The reality is, teams across Europe have no money.
Premier League sides have spent a combined £511million so far this summer.
Next up is the Bundesliga and Serie A, who have both spent £81million.
Ligue 1 clubs have spent £213m and La Liga clubs just £111m combined.
Real Madrid and Barcelona currently have huge financial constraints after decades of spending beyond their budgets. And over in Italy Champions Inter Milan are in financial meltdown whilst Juventus are looking at loan deals.
PSG are the only team in France splashing money, whilst German sides are basically spending what they bring in.
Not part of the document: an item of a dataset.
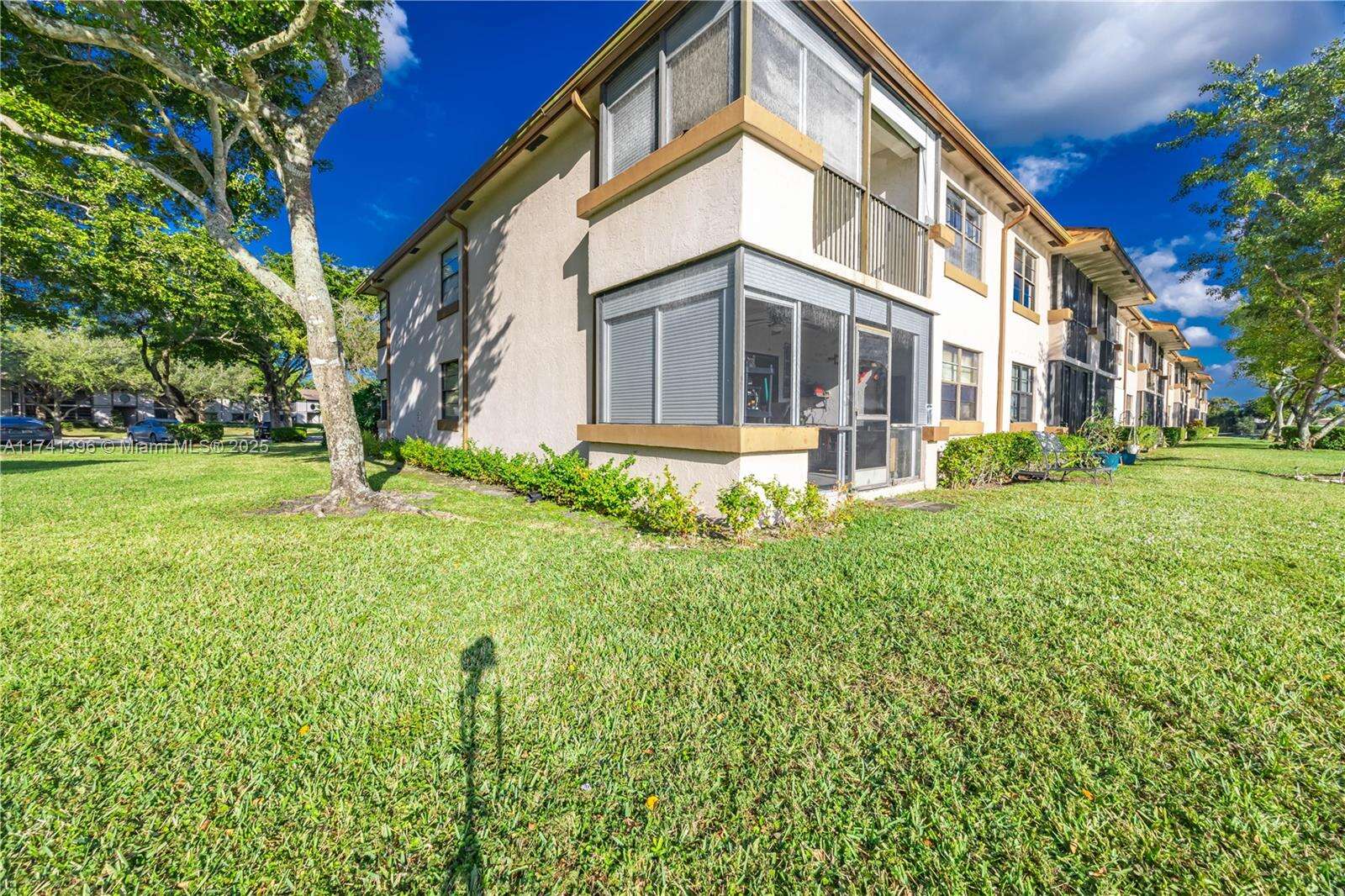 Tamarac Gardens Condominium No 5 | Unit #111 Unit #111 | Picture 34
This leaves the likes of Arsenal struggling to sell players.
Unless another English club comes in for someone like Granit Xhaka or Hector Bellerin, Arsenal will be forced to accept a small bid (or a loan deal) from a European side if they wish to sell.
Roma’s biggest signing of the season so far is Rui Patricio. The former Wolves keeper moving for £10.35m. They have spent £23million total.
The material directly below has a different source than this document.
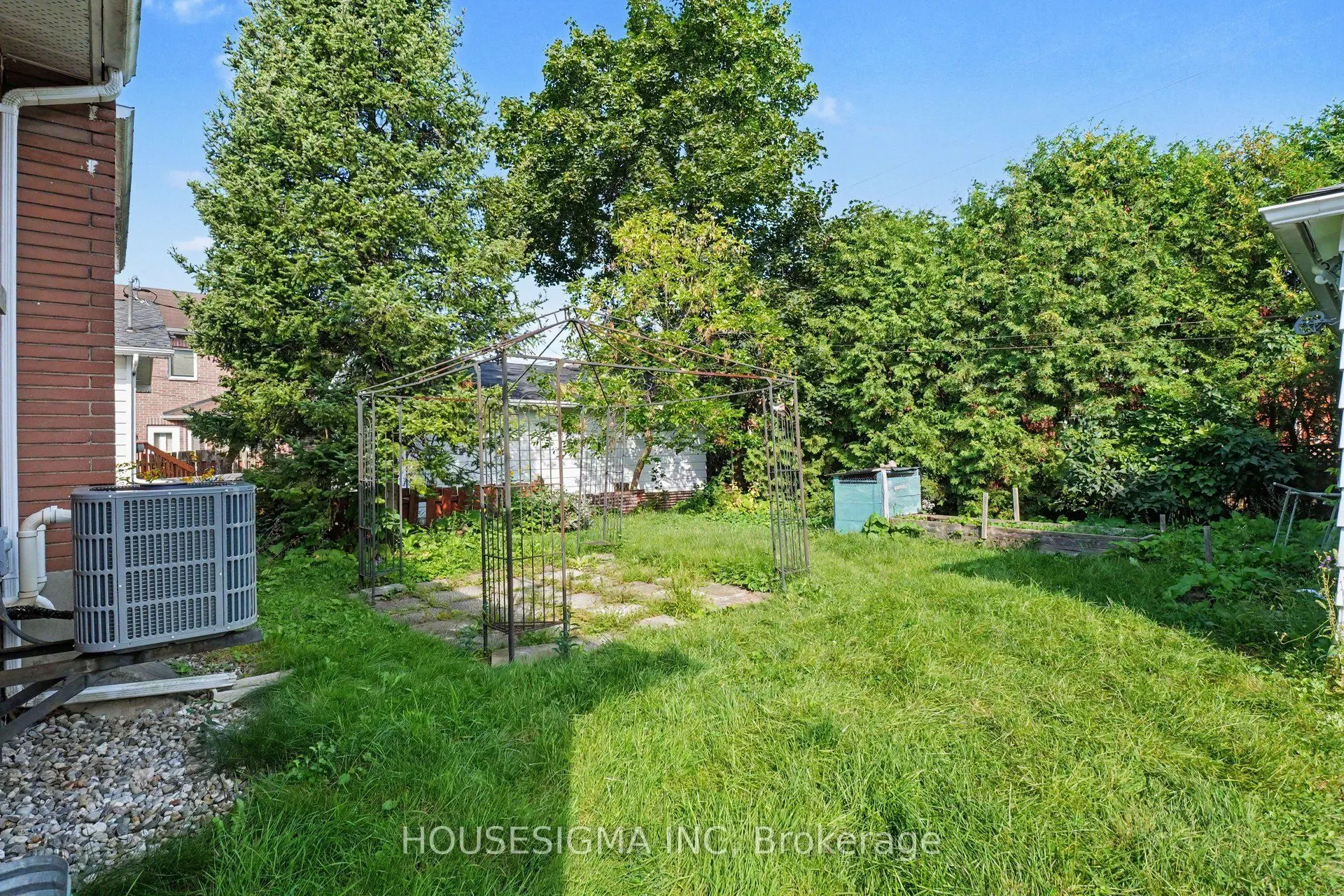 1047 Richard Avenue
It is not that they are being cheap when it comes to the Xhaka deal. They just do not have the money to sign him.
And the lack of money in Europe is causing headaches to not just Arsenal but also the likes of Chelsea.
When you look at yesterdays game between Arsenal and Chelsea, both teams were littered with players neither club wants but are unable to sell.
Bellerin, Willian, Runarsson, Kolasinac, Xhaka, Drinkwater, Barkley, Zappacosta and Batshuayi.
Every Premier League club is in a similar situation. Half a dozen players that they can not move in.
The problem is most Premier League sides have spent their initial funds. Further funds will only be spent once they move players on.
But Europe is causing a blockage n the system.
West Ham, for example, can not move on their unwanted players which would raise say £20-30m which in turn would allow to buy Ross Barkley. Those funds would then allow Chelsea to go and buy someone from Inter Milan.
Inter Milan would then have more cash which would allow them to come to Arsenal and sign Bellerin.
Football economy works no different than any other economy. You need money to keep things moving. If you have one break in system, the system can collapse.
And that is where we are at.
Clubs need to sell to buy. But no one has any money to buy.
The lack of funds across Europe means sides are struggling to sell players to free up funds and squad space for further investment.
Keenos
Hope ever critical fans would understand this. Always blaming the coaches and management of ineptitude for what they have no control over. Thanks for bringing this up.